WHAT YOU HAVE TO DO » The answer should consist of every line of the material, repeated verbatim.
--*--
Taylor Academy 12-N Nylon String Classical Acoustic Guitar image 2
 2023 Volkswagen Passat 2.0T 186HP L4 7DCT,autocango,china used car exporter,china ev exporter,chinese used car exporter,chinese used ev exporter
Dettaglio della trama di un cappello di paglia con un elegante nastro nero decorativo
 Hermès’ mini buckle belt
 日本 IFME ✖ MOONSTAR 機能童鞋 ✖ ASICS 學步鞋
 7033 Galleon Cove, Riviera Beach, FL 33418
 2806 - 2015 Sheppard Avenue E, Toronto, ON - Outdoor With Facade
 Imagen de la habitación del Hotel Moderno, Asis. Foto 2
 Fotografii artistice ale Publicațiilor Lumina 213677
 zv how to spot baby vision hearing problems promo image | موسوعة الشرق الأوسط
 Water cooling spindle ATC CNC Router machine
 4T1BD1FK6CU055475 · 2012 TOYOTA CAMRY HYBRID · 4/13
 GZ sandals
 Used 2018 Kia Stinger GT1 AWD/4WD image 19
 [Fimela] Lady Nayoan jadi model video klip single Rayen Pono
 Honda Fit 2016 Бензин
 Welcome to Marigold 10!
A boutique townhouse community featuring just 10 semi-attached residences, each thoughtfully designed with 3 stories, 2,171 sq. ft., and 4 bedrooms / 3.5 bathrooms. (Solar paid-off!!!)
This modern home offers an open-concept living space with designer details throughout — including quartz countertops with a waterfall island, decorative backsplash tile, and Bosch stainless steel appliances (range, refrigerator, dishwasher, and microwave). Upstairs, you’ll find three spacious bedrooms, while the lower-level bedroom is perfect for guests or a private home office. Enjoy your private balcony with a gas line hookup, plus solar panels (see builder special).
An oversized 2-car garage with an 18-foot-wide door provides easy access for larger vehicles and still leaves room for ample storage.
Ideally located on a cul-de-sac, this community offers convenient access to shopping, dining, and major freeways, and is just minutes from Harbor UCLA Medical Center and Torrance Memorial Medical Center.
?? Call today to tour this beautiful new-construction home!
--*--
ANSWER FOR THE TASK »
Taylor Academy 12-N Nylon String Classical Acoustic Guitar image 2
 2023 Volkswagen Passat 2.0T 186HP L4 7DCT,autocango,china used car exporter,china ev exporter,chinese used car exporter,chinese used ev exporter
Dettaglio della trama di un cappello di paglia con un elegante nastro nero decorativo
 Hermès’ mini buckle belt
 日本 IFME ✖ MOONSTAR 機能童鞋 ✖ ASICS 學步鞋
 7033 Galleon Cove, Riviera Beach, FL 33418
 2806 - 2015 Sheppard Avenue E, Toronto, ON - Outdoor With Facade
 Imagen de la habitación del Hotel Moderno, Asis. Foto 2
 Fotografii artistice ale Publicațiilor Lumina 213677
 zv how to spot baby vision hearing problems promo image | موسوعة الشرق الأوسط
 Water cooling spindle ATC CNC Router machine
 4T1BD1FK6CU055475 · 2012 TOYOTA CAMRY HYBRID · 4/13
 GZ sandals
 Used 2018 Kia Stinger GT1 AWD/4WD image 19
 [Fimela] Lady Nayoan jadi model video klip single Rayen Pono
 Honda Fit 2016 Бензин
 Welcome to Marigold 10!
A boutique townhouse community featuring just 10 semi-attached residences, each thoughtfully designed with 3 stories, 2,171 sq. ft., and 4 bedrooms / 3.5 bathrooms. (Solar paid-off!!!)
This modern home offers an open-concept living space with designer details throughout — including quartz countertops with a waterfall island, decorative backsplash tile, and Bosch stainless steel appliances (range, refrigerator, dishwasher, and microwave). Upstairs, you’ll find three spacious bedrooms, while the lower-level bedroom is perfect for guests or a private home office. Enjoy your private balcony with a gas line hookup, plus solar panels (see builder special).
An oversized 2-car garage with an 18-foot-wide door provides easy access for larger vehicles and still leaves room for ample storage.
Ideally located on a cul-de-sac, this community offers convenient access to shopping, dining, and major freeways, and is just minutes from Harbor UCLA Medical Center and Torrance Memorial Medical Center.
?? Call today to tour this beautiful new-construction home!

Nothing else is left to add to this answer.